- The Washington Times - Tuesday, November 22, 2011

ANALYSIS/OPINION:

A fixture on Syracuse’s bench for 36 years, Bernie Fine will be absent again Wednesday night when the men’s basketball team plays its second game since he was placed on administrative leave for sexual abuse allegations.

Following so quickly on the heels of Penn State’s scandal, the Syracuse case has upped the levels of indignation everywhere.

Penn State fans are resentful because Syracuse escaped the broad-brush tarnish that’s been applied to their school. Syracuse fans are angry that the two schools have been lumped together at all on such a despicable topic.

Child advocates are furious with Syracuse coach Jim Boeheim for declaring that Fine’s accusers are lying and merely looking for a financial reward.
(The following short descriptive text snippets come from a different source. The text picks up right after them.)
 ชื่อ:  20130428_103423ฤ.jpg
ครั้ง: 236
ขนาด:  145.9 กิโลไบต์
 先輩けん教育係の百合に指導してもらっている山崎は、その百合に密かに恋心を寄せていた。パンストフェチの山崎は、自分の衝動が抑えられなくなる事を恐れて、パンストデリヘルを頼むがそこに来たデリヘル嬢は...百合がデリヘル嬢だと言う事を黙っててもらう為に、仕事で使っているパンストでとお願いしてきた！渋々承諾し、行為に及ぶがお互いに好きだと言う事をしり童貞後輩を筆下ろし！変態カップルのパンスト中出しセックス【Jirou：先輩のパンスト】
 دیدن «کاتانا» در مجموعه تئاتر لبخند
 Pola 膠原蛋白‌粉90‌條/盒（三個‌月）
Journalists are upset with ESPN for airing such a damaging story without more corroborating evidence.

And, I suppose, Jerry Sandusky has supporters who are mad that he’s already been convicted in the court of public opinion, while commentators are warning against a rush to judgment on Fine.
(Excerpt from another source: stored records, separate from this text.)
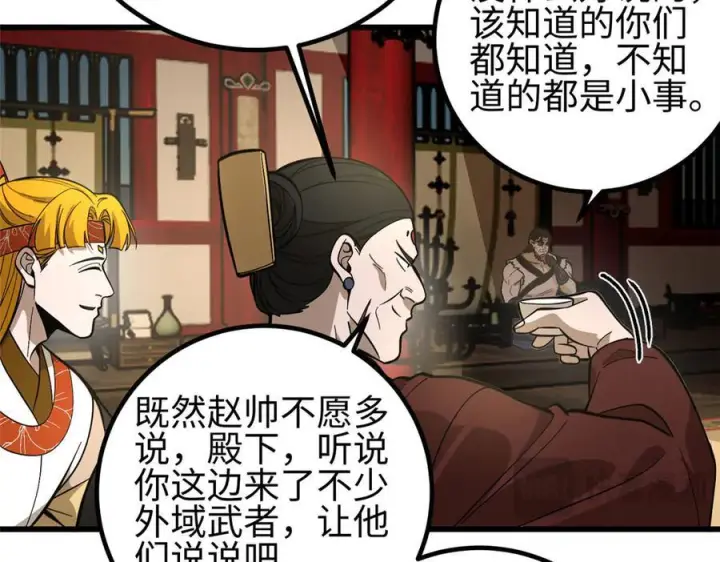 《全球高武》320 无处不在的方平图130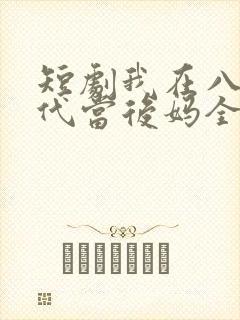 短剧我在八零年代当后妈全集免费观看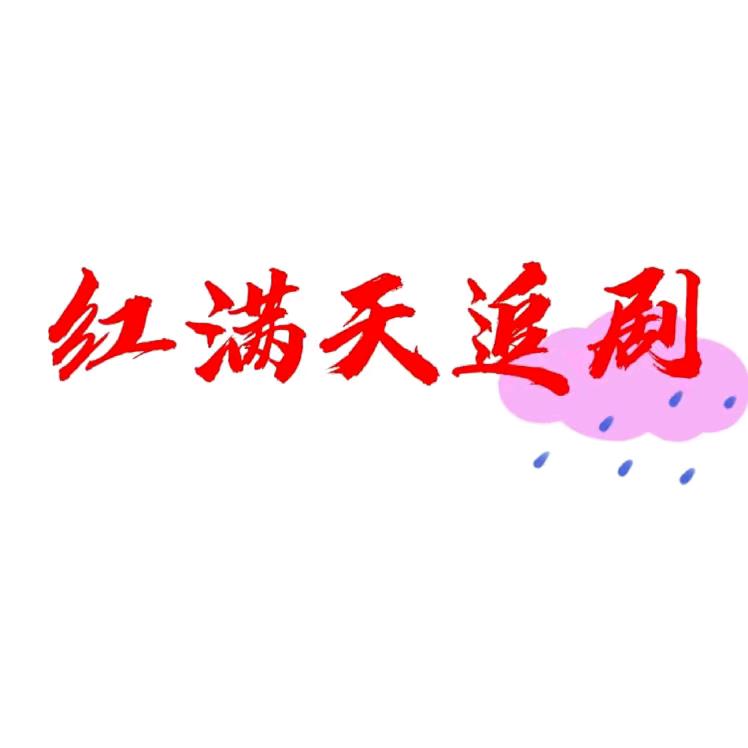 红满天追剧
The two cases don’t demand identical treatment because the circumstances are totally different, namely the 23-page indictment and criminal charges against Sandusky and two former Penn State officials. The grand jury heard from witnesses and victims who described Sandusky’s alleged offenses and multiple accusers have come forward in the aftermath.

Conversely, Bobby Davis had been Fine’s lone accuser in allegations that date to 2002 — charges that were investigated at various points by the police, the Post-Standard newspaper, ESPN and the university itself. None of the sources Davis said would back him up did so, and nothing ever came of his assertions … until his stepbrother, Michael Lang, claimed last week that Fine abused him, too.

Despite the stark differences between the stories, there are disturbing similarities as well.

One is Boeheim’s swift and unequivocal defense of Fine, reminiscent of now-former Penn State president Graham Spanier’s “unconditional support” of two officials who apparently oversaw a cover-up. Another is the incredible, powerful sway that football and basketball have over Penn State and Syracuse, respectively. And a third is the peculiar affinity that Sandusky and Fine have for fatherless, adolescent boys.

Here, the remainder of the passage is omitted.